2. Les crédits d'équipement et de fonctionnement
a) La priorité accordée lors de la précédente législature aux crédits de rémunération au détriment des crédits d'investissement et de fonctionnement de la police
Le tableau ci-après présente l'évolution du budget de la police nationale entre 1997 et 2002 par grandes masses.
Evolution du budget de la police nationale entre 1997 et 2002
en loi de finances initiale
(en millions d'euros et en %)
1997 |
2002 |
|||
Dépenses de personnel |
3.532 |
82,7 % |
4.337 |
84,2 % |
Fonctionnement |
602 |
14,1 % |
659 |
12,8 % |
Equipement |
138 |
3,2 % |
153 |
3,0 % |
Total |
4.262 |
5.149 |
Source : ministère de l'intérieur
Ce tableau montre que la part des dépenses de fonctionnement et des dépenses d'équipement dans le budget de la police nationale s'est réduite entre 1997 et 2002.
Inversement, les dépenses de personnel occupent une part de plus en plus prépondérante du budget (84,2 % dans la loi de finances initiale pour 2002).
Cette évolution apparaîtrait d'ailleurs plus nettement encore si l'on tenait compte des crédits de rémunération supplémentaires (près de 40 millions d'euros) demandés dans le projet de loi de finances rectificative pour 2002 pour compléter le financement des opérations de rachat de jours d'ARTT.
Or la priorité accordée aux dépenses de rémunération, notamment sous l'effet de l'ARTT ne fut pas sans conséquence pour les moyens de travail des agents de la police nationale (gilet pare-balles individuel, tenue et armement adaptés).

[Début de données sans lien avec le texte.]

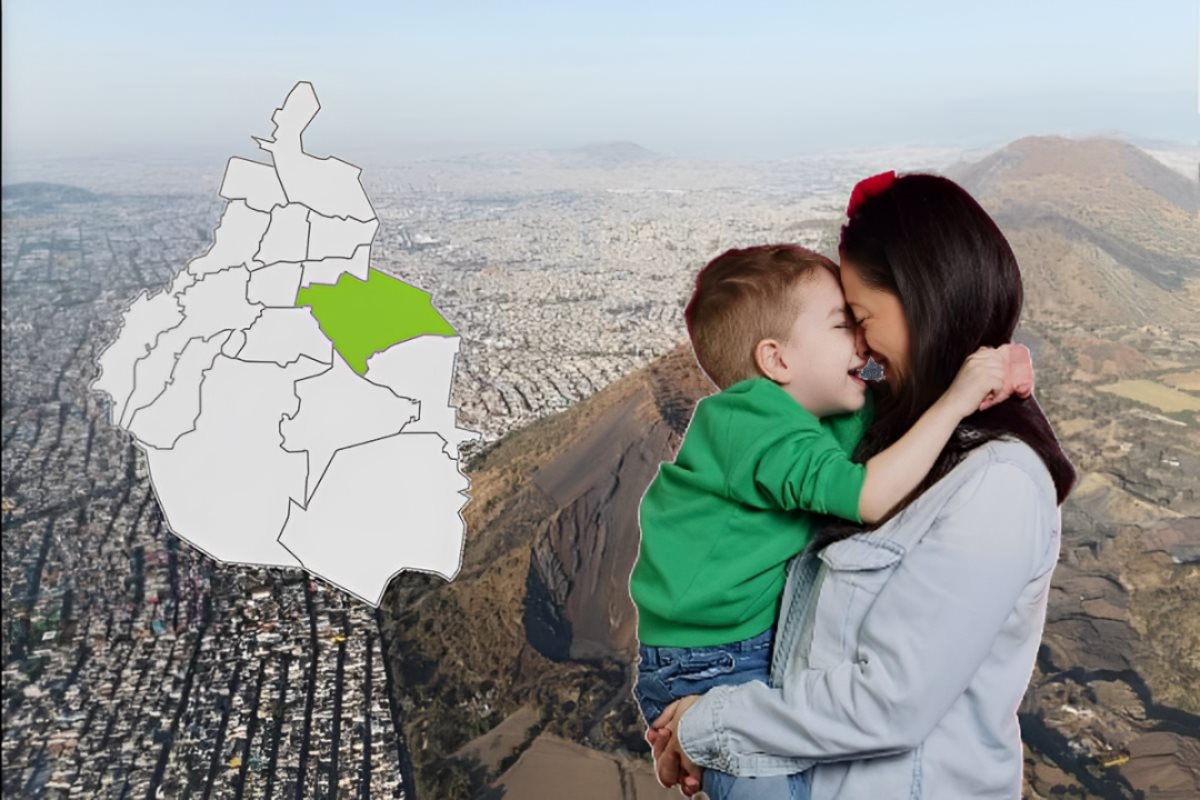 Alcaldía Iztapalapa con vista hacia el volcán Tetlalmanche, al frente un mapa de CDMX y una madre sosteniendo a su hijo en brazos.   Foto: Freepik | Wikipedia | Canva | Julio FERNANDEZ CASANOVA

b) Les impasses du budget de la gendarmerie
De même, les mesures de rachat des journées d'ARTT des gendarmes décidées successivement en novembre 2001, en décembre 2001 et en février 2002 (cf. supra) avaient été pour partie artificiellement gagées par le gel de 1.400 postes de gendarmes-adjoints et par la minoration de certains crédits de fonctionnement, et pour partie purement et simplement non budgétées.
En outre, les besoins de fonctionnement courant avaient été sous-évalués de près de 20 millions euros.

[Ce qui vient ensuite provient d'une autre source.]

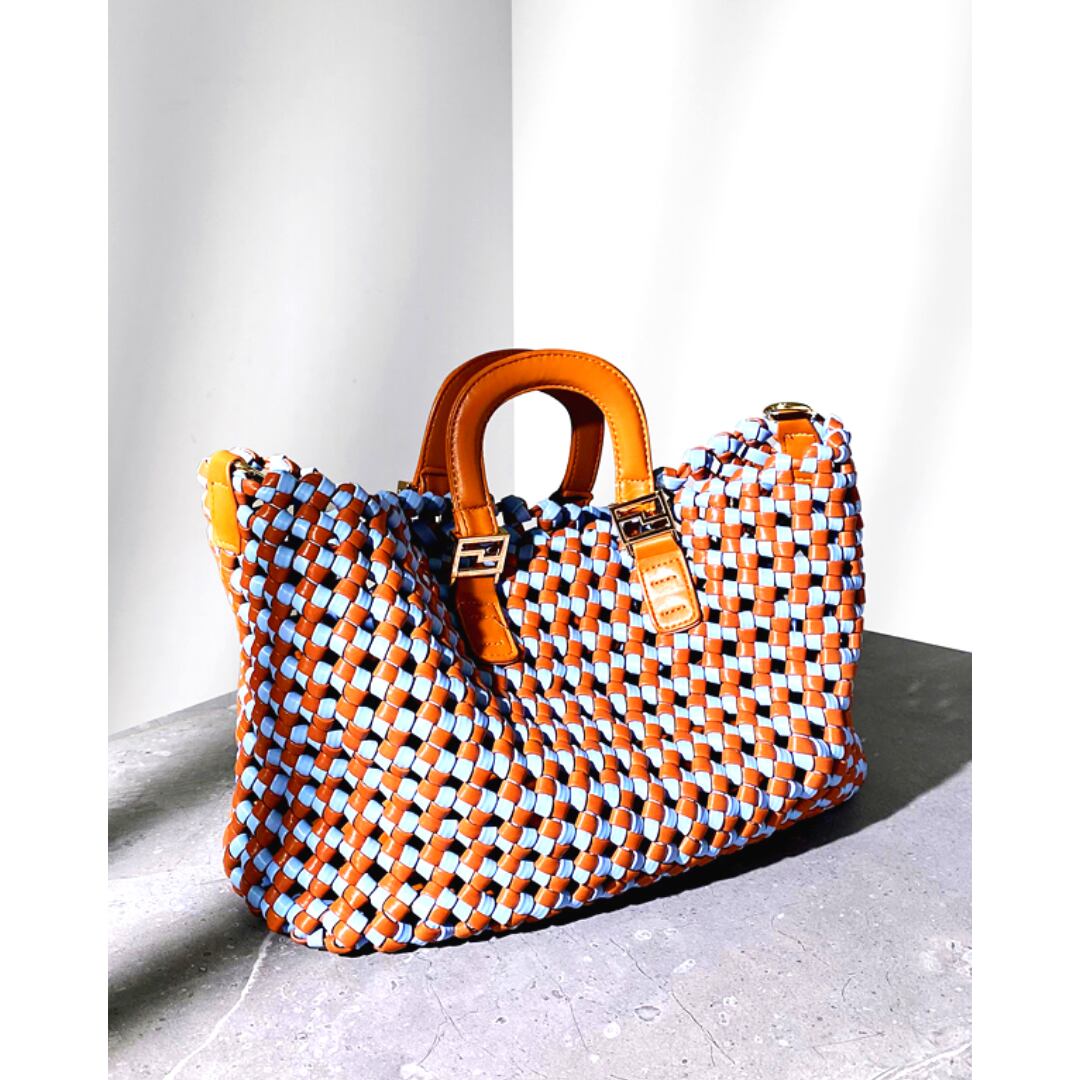 Hand-woven leather contrast bag | Dress up market
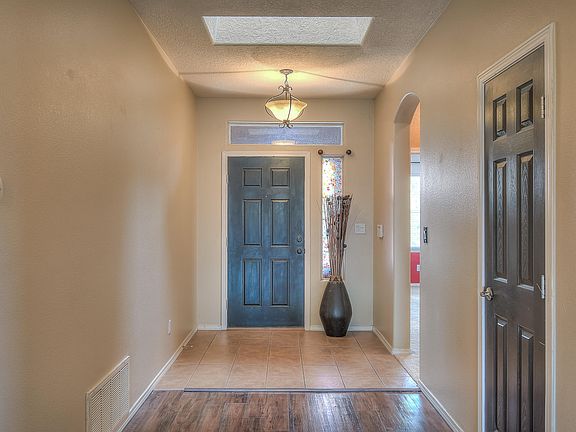4th image of 10428 Vallecito Dr NW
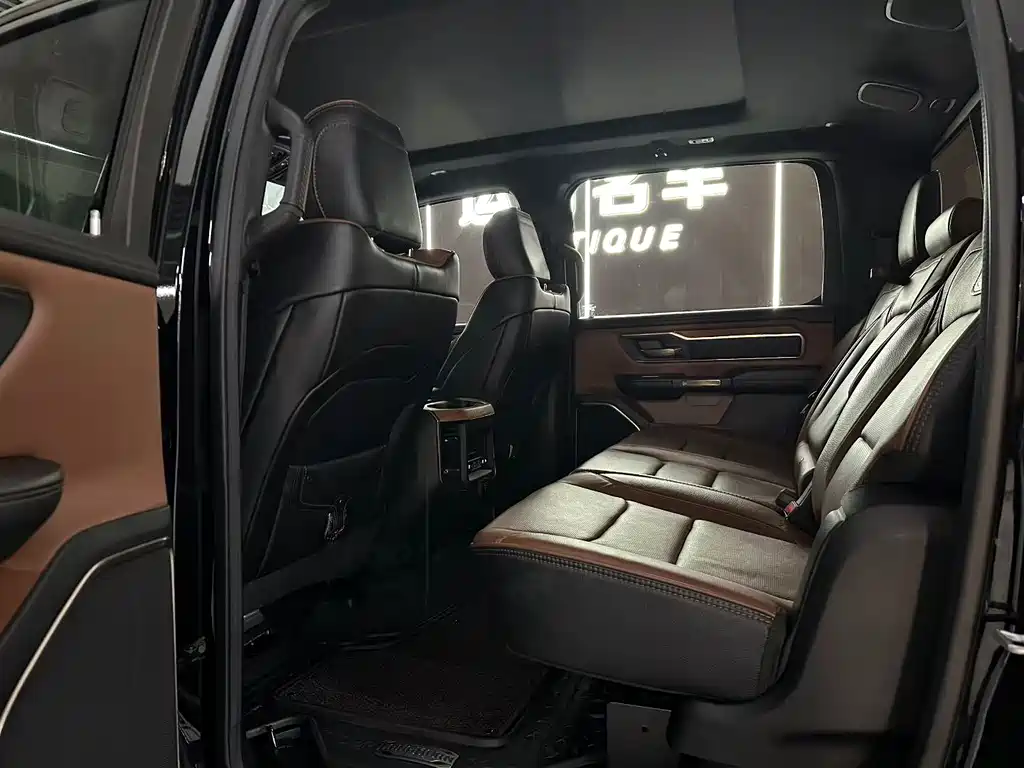 RAM Trucks 5.7 L Auto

Enfin, les dotations destinées au financement des casernes de gendarmeries et des logements de gendarmes pris à bail par l'Etat avaient été sous-estimées (à hauteur de 38 millions d'euros), ce qui avait grossi d'autant les arriérés de loyers de la gendarmerie, notamment envers les communes, leur total cumulé s'élevant à près de 68 millions d'euros.
c) Les besoins de rénovation du parc immobilier
Le parc immobilier mis à disposition de la police nationale représente près de 3,7 millions de m2, répartis sur plus de 2.800 implantations. Mais seuls 8 % de ces sites ont moins de 10 ans et près de 39 % ont plus de 30 ans. Or la plupart de ces bâtiments sont d'autant plus dégradés que les crédits de maintenance ont été longtemps la variable d'ajustement du budget du ministère de l'intérieur. Les crédits de maintenance se sont d'ailleurs élevés en moyenne, sur la période 1997-2002, à une vingtaine de millions d'euros par an, soit moins de 6 euros/m2/par an, ce qui correspond à un niveau considérablement inférieur à celui jugé habituellement convenable pour des bâtiments accueillant du public.

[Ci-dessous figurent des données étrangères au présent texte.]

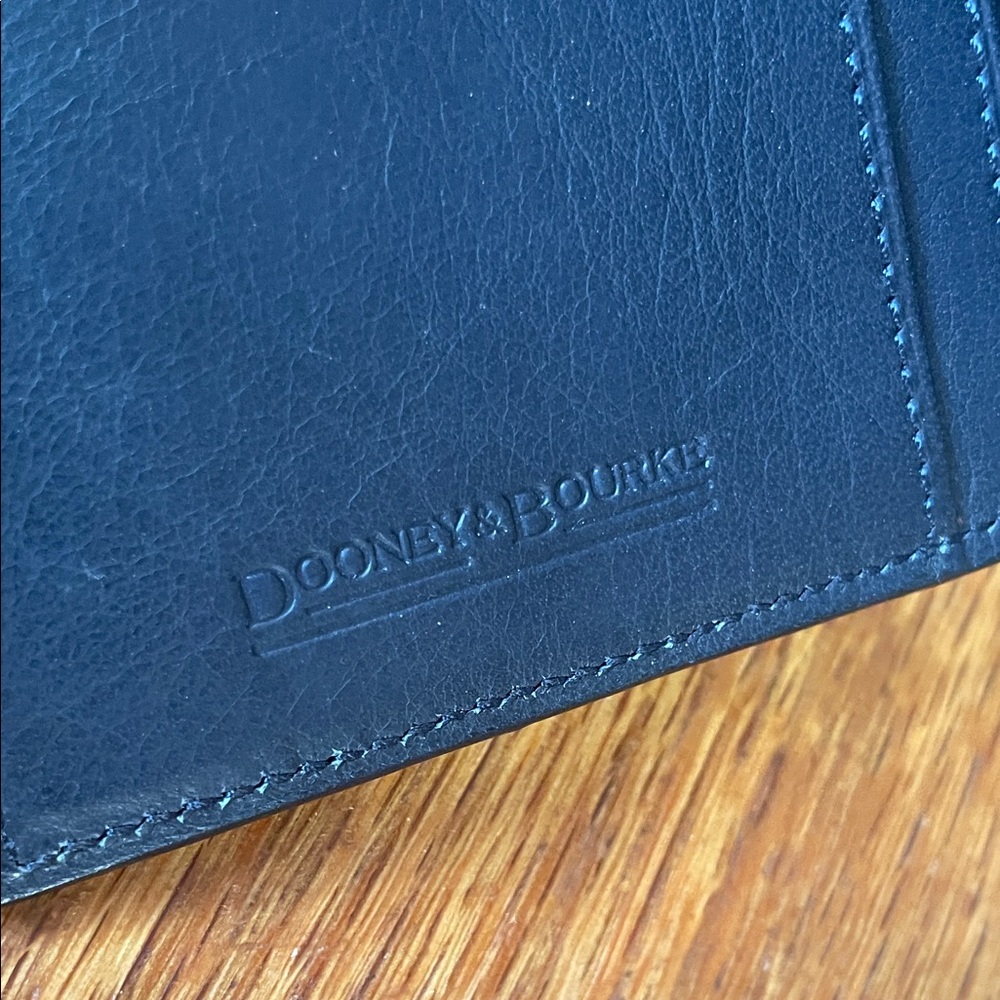 Dooney & Bourke Leather Navy Crocodile Embossed Wallet.   Made in Italy - Picture 4 of 8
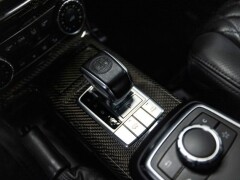 Mercedes Benz G 63 AMG  Grijs nummernschild Gereserveerd  Deale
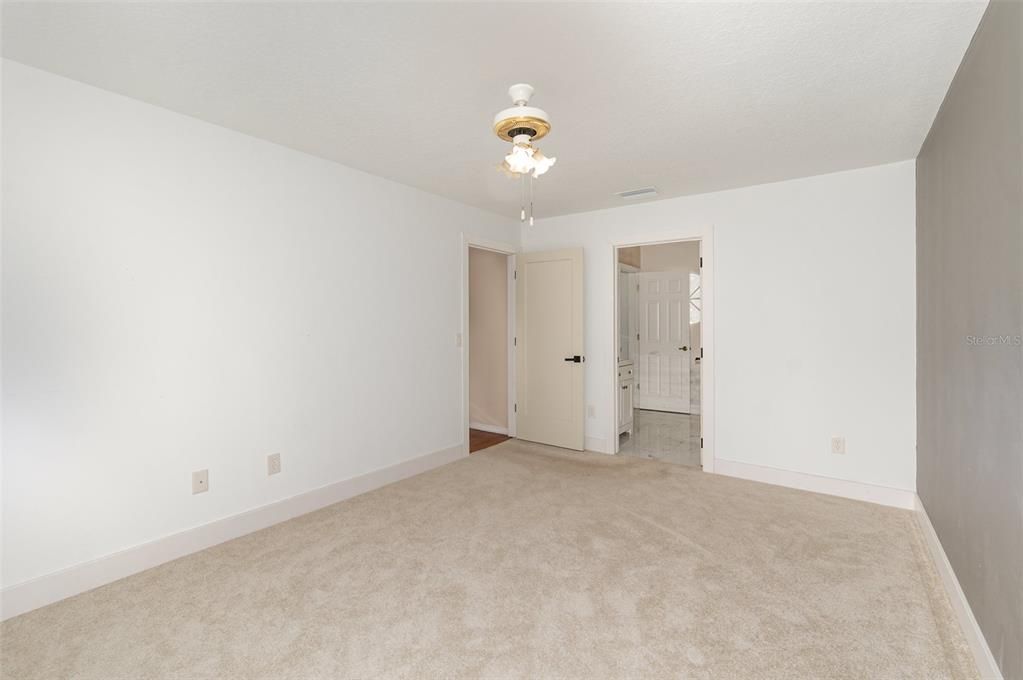 For Sale: $350,000 (3 beds, 2 baths, 1549 Square Feet)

C'est dire si les besoins de rénovation sont importants. Votre rapporteur pour avis a d'ailleurs pu constater par lui-même l'état de délabrement de certains locaux, qui démotive les agents, sape l'image d'ordre de nos forces de police et ne permet pas d'offrir aux victimes des conditions d'accueil décentes. Cet état de fait a d'ailleurs pour conséquence que les conditions de détention et de garde à vue soient parfois très précaires.
De plus, les besoins de construction de nouveaux bâtiments liés à la mise en place de la police de proximité ou plus généralement au redéploiement des implantations sont très importants, notamment dans les zones urbaines sensibles et en Ile-de-France.
La problématique est similaire pour la gendarmerie nationale : en raison de dotations insuffisantes, l'évolution du parc de logements des gendarmes n'a pas toujours suivi celle des normes communes de confort. Or la qualité du logement contribue directement au moral des gendarmes, qui ne sauraient être les « esclaves de la République » : dès lors qu'ils sont astreints à résider dans des casernements, la République leur doit, ainsi qu'à leurs familles, des logements adaptés.
d) Les besoins de renouvellement des véhicules
Comme votre rapporteur le soulignait dans son rapport sur les crédits de la sécurité du projet de loi de finances pour 2002, les dotations prévues jusqu'ici pour le renouvellement des véhicules de police étaient très nettement insuffisantes.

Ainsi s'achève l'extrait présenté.